Let $f: X \to Y$ be a smooth map with $f \pitchfork Z$ and $\partial f \pitchfork Z$, where $X,Y,Z$ are oriented and the last two are boundaryless. We define a preimage orientation on the manifold-with-boundary $S = f^{-1}(Z).$

But it never explicitly said what is preimage orientation. Is it $df_xN_x(S;X)$, where $N_x(S; X)$ be the orthogonal complement to $T_x(S)$ in $T_x(X)$?

Assume so, take the reflection map as an example. Consider $f: \mathbb{R} \to \mathbb{R}: f(x) = -x$, and let $Z = \{1\}.$ Hence $f$ is smooth with $f \pitchfork Z$ and $\partial f \pitchfork Z$, where $X,Y,Z$ are oriented, $Y$ is boundaryless, and grant $Z$ is boundaryless as well (see Is a single point boundaryless?).

Then the preimage orientation will be determined by $$df_xN_x(S;X) \oplus T_z(Z) = T_z(Y).$$

$T_z(Y)$ is just $\mathbb{R}$ with canonical orientation $+1$. Then what is the orientation of $T_z(Z)$? And how do they determine the orientation of $df_xN_x(S;X)$?

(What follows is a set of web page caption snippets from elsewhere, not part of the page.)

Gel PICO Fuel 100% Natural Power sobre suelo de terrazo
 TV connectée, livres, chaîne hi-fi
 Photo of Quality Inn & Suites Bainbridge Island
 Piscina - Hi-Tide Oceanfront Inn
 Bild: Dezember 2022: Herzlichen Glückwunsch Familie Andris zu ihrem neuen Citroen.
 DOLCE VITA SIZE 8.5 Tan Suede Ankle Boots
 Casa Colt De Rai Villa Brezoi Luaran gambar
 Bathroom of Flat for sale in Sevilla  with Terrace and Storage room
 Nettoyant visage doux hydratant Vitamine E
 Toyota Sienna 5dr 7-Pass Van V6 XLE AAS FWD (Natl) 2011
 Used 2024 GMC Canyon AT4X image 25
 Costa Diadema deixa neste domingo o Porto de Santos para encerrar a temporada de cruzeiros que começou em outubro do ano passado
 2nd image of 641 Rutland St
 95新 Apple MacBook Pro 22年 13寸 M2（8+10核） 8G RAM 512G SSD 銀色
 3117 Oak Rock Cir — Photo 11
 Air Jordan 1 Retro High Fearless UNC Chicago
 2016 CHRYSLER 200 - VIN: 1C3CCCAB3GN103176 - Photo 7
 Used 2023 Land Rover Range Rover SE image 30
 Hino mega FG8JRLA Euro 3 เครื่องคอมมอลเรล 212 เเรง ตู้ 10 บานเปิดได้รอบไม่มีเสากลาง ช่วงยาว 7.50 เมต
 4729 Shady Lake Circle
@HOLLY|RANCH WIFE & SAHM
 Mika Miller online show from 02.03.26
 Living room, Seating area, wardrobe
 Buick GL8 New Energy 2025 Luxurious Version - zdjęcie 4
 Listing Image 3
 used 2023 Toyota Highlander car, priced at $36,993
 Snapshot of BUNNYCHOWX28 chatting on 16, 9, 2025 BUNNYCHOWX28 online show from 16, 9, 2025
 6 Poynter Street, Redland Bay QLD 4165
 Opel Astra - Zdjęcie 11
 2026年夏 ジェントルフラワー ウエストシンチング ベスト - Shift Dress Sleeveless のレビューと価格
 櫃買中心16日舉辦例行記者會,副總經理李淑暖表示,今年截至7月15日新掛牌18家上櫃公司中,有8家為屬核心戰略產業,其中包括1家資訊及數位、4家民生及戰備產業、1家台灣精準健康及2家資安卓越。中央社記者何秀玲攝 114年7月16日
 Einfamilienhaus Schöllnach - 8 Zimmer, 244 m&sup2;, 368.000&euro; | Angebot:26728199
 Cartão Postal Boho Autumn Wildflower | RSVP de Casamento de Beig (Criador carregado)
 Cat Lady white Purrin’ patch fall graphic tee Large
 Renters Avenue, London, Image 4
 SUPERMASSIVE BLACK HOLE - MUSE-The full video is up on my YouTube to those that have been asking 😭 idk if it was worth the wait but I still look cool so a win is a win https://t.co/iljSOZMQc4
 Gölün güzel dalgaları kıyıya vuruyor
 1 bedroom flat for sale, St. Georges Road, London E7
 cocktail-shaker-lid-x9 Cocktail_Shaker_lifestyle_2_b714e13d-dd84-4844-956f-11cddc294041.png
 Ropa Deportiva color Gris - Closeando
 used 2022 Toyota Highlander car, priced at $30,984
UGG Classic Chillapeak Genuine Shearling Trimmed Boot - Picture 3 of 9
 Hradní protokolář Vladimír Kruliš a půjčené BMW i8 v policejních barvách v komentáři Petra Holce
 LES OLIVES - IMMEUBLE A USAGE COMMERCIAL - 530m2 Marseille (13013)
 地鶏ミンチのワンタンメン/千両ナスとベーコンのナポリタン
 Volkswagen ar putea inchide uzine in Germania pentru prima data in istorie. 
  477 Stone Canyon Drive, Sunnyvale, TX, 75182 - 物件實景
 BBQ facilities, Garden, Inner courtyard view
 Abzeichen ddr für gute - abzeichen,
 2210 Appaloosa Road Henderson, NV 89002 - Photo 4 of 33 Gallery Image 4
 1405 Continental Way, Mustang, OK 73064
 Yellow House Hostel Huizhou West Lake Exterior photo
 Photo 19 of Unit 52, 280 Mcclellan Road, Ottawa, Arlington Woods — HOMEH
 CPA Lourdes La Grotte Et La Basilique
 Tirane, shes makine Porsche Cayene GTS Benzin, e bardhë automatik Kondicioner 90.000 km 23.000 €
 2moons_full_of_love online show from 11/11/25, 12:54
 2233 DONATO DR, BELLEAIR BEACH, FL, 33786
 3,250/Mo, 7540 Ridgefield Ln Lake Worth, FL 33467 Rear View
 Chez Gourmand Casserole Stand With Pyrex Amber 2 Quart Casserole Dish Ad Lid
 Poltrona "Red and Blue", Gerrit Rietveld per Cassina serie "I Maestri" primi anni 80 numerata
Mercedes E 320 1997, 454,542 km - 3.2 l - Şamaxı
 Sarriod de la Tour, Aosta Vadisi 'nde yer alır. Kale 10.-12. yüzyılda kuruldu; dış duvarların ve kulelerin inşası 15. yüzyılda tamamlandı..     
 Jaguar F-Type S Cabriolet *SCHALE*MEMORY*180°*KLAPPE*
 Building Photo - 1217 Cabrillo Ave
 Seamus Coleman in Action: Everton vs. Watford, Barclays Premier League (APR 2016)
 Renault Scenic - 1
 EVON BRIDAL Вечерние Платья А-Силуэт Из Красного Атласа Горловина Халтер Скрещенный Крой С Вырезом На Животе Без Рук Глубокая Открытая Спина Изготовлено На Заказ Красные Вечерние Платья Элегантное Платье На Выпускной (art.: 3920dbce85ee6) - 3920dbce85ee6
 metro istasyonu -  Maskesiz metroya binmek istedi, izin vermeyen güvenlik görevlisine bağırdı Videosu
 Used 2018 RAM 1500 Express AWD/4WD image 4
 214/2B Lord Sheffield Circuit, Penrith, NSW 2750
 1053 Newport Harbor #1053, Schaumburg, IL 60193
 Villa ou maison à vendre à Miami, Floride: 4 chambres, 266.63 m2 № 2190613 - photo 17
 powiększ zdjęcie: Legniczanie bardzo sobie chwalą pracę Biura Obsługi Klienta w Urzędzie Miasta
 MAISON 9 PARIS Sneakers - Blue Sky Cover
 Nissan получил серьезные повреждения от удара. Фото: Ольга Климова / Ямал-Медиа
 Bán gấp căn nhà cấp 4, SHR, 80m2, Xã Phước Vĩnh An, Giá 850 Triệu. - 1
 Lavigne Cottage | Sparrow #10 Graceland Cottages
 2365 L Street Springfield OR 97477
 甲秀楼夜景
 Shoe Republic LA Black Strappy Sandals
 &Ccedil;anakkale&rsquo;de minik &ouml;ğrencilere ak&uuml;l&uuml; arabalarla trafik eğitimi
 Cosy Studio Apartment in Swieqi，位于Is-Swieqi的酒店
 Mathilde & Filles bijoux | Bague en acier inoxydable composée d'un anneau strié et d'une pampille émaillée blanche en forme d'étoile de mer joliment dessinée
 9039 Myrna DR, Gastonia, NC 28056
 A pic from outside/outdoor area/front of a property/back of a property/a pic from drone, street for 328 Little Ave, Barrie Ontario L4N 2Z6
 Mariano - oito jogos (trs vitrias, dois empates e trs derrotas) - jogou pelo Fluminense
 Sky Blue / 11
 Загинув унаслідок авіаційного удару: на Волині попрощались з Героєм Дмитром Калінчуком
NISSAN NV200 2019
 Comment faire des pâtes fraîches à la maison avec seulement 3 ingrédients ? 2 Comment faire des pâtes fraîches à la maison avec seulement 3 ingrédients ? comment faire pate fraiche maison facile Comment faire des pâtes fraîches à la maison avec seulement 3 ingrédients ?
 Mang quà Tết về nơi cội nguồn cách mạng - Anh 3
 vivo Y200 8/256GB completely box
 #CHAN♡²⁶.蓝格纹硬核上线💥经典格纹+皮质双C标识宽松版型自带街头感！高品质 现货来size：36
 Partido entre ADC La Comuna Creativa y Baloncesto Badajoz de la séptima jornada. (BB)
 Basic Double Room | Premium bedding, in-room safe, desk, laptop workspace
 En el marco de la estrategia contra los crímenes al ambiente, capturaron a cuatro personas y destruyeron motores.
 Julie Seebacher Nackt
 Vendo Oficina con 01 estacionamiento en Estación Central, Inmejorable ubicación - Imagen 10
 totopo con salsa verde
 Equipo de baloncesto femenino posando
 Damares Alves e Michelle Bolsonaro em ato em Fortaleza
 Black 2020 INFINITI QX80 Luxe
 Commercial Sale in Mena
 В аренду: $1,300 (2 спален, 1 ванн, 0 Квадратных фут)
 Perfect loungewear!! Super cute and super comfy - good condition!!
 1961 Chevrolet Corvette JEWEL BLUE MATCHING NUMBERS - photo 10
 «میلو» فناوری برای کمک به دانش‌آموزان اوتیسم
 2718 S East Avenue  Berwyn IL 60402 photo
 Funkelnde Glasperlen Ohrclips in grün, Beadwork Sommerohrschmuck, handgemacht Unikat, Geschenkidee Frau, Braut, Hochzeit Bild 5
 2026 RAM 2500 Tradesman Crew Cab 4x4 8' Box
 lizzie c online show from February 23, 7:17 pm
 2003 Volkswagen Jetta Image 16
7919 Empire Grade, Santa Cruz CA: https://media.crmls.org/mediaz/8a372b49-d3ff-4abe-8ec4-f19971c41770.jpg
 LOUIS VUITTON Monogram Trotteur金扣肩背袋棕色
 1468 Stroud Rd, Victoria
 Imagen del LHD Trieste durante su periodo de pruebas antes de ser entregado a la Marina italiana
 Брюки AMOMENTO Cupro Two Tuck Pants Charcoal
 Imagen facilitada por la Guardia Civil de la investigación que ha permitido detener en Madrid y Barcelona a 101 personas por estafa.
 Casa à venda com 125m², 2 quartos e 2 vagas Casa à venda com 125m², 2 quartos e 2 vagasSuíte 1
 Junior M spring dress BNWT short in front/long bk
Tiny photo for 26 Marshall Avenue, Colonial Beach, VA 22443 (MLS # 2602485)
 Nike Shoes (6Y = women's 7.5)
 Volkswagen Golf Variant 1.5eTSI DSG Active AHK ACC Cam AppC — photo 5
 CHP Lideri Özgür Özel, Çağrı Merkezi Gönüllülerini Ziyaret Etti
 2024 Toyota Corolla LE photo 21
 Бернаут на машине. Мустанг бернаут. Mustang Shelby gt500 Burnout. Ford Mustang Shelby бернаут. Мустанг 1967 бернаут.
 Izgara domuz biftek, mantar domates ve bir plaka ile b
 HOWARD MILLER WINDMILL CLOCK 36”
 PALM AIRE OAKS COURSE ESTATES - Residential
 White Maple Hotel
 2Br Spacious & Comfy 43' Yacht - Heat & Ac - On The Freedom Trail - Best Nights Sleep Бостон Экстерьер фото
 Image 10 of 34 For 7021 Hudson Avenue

Very confused, thanks for your help!!

Answer 1

$T_z(Z)$ already has an orientation by hypothesis and the orientation of $df_x N_x(S;X)$ has the product orientation since the orientation of $T_z (Y)$ is also known.

Answer 2

One can make explicit Guillemin-Pollack definition of the orientation of a transversal inverse image. Let $x\in S$, then transversality says $T_xS=(d_xf)^{-1}(Z)$ and for any decomposition $T_xS\oplus E=T_xX$ (this $E$ could be the othogonal complement), the restriction $d_xf:E\to T_{f(x)}Y$ is injective, so induces an isomorphism onto its image $F=d_xf(E)$ and counting dimensions $T_{f(x)}Z\oplus F=T_{f(x)}Y$. Now we start with orientations in $X,Y$ and $Z$ to define one in $S$. Pick a positive basis $\{v_i\}$ of $T_{f(x)}Z$ and extend to a positive basis $\{v_i,w_j\}$ of $T_{f(x)}Y$, where $\{w_j\}$ is a basis of $F$. This determines uniquely a basis $\{\overline w_j\}$ of $E$ with $d_xf(\overline w_j)=w_j$. Now by definition, a basis $\{u_k\}$ of $T_xS$ is positive when $\{u_k,\overline w_j\}$ is a positive basis of $T_xX$.